MINNEAPOLIS (AP) -- Minnesota students showed some progress in reading on the state's standardized tests and 11th graders did even better on the math portion, but over half still weren't considered proficient, the Minnesota Department of Education reported Wednesday.

The department reported that 74 percent of Minnesota students scored as proficient in reading on the Minnesota Comprehensive Assessments last spring, an increase of 1.6 percent from the previous year. The biggest gains were in grades five through seven, where minority students showed more improvement on average than their white counterparts.

The number of 11th graders who scored as proficient in math increased 5.3 percent from the previous year to 48.6 percent. However, the state's academic achievement gap between white students and racial minorities remained. For example, 16 percent of black 11th graders made the grade while 55 percent of white juniors did.

It was difficult to calculate an overall math score for the state because students in grades three through eight took a test based on tough new standards for the first time. Those standards, which include the expectation that eighth-graders be proficient in algebra, were announced in 2007 and assessed for the first time this spring.

Education Commissioner Brenda Cassellius said that while the improvement in reading scores was welcome, it was lower than she had hoped.

"I wanted to see double-digit numbers," she said.

She was more excited about the gain in math proficiency among 11th graders, although she said she was still disappointed that more than half of the state's high school juniors missed the benchmark for proficiency.

"There is a gap between what we expect and what kids know, that is the gap that needs to be minded," she said.

She was also disappointed that minority students didn't show more gains.

In the previous nine years, the scores on the MCA tests were used to determine if Minnesota schools faced sanctions under the federal No Child Left Behind law, which required that all students be proficient in reading and math by 2014.

However, this year Cassellius has requested a waiver from the U.S. Department of Education that would prevent more schools from being labeled as failures and relax sanctions on schools that have already run afoul of the law.

"It just really important to impress that even as we are doing our NCLB waiver that we are still holding all districts accountable for educating all kids," she said. "We want all kids to have an opportunity to excel."

Kent Pekel, executive director of the College Readiness Consortium at the University of Minnesota, chalked up the increase in the 11th-grade math scores to a combination of factors, including students realizing they need more math courses to get into college and the payoff from another overhaul of the math standards made a decade ago.

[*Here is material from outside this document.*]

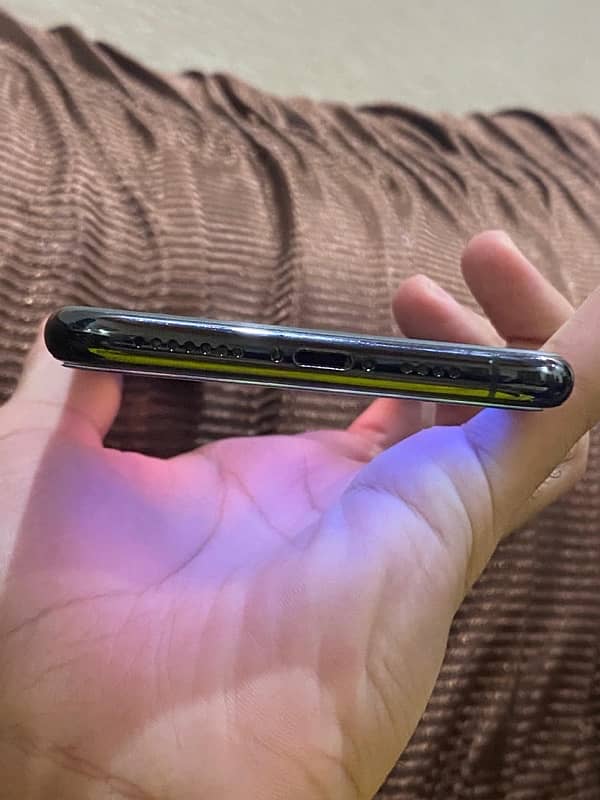 iPhone 11 Pro Max 64 Gb Jv Non Pta 10/9.5 2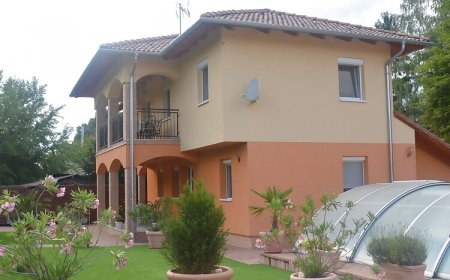 Granada Medencés Apartmanház Szántód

"I think this just shows the urgent need for Minnesotans to take a long-term approach to education improvement," he said.

Pekel said the small increase in reading was part of a national trend, as many other states have struggled to significantly improve reading scores. He called it one of the mysteries of American education.

"Generally speaking, we really are at a point where we not making the progress we need in reading," he said. "That's despite big increases in literacy spending at many levels."